The NIV has never been a strict word-for-word translation. Since Greek words and idioms often don't really have an English equivalent, the translators thought it more important that the ideas be understood, and so they used a thought-for-thought (or, "dynamic equivalence") philosophy of translation.  Following this translation style, when they revised the NIV in 2011, they included some changes to make some wording more gender inclusive -- for example, using "all people" instead of "all men," or "brothers and sisters" rather than simply "brothers."   The NIV translators may have honestly tried to reflect what the original writers meant; but the fact is, they changed or added words that aren't actually in the original language, and sometimes this can change the meaning as well.

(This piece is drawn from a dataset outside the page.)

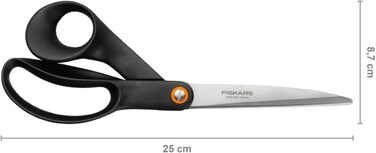 Fiskars Universal Scissors, Overall Length: 24 cm, Quality Steel/Plastic, Functional Form, Black, 1019198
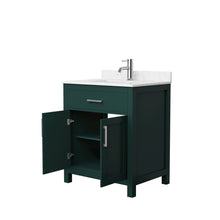 Load image into Gallery viewer, Wyndham Beckett 30 Inch Single Bathroom Vanity in Green, Carrara Cultured Marble Countertop, Undermount Square Sink, Brushed Nickel Trim- Wyndham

The Bible Quiz Fellowship committee feels this takes the "thought-for-thought" style too far, and it's important to preserve the original, inspired words that God recorded through the biblical authors.  With that (and some secondary reasons) in mind, the BQF committee voted in May 2011 to adopt the English Standard Version, which is much closer to word-for-word translation.  You can learn more about the decision from the statement on the BQF website.

2011 Edition
When you start studying Matthew, make sure you use a 2011 edition of the ESV by looking at the copyright date at the front of your bible. Or, just pick up a quiz book at the TFC office for $6.

Older versions of ESV (2001 or 2007), are a little bit different. Not much -- just a word here and there -- but it will be enough to throw off your word-perfect memorization for quizzing. If you already have an older ESV you'd like to study from, you can download and print this list of changes.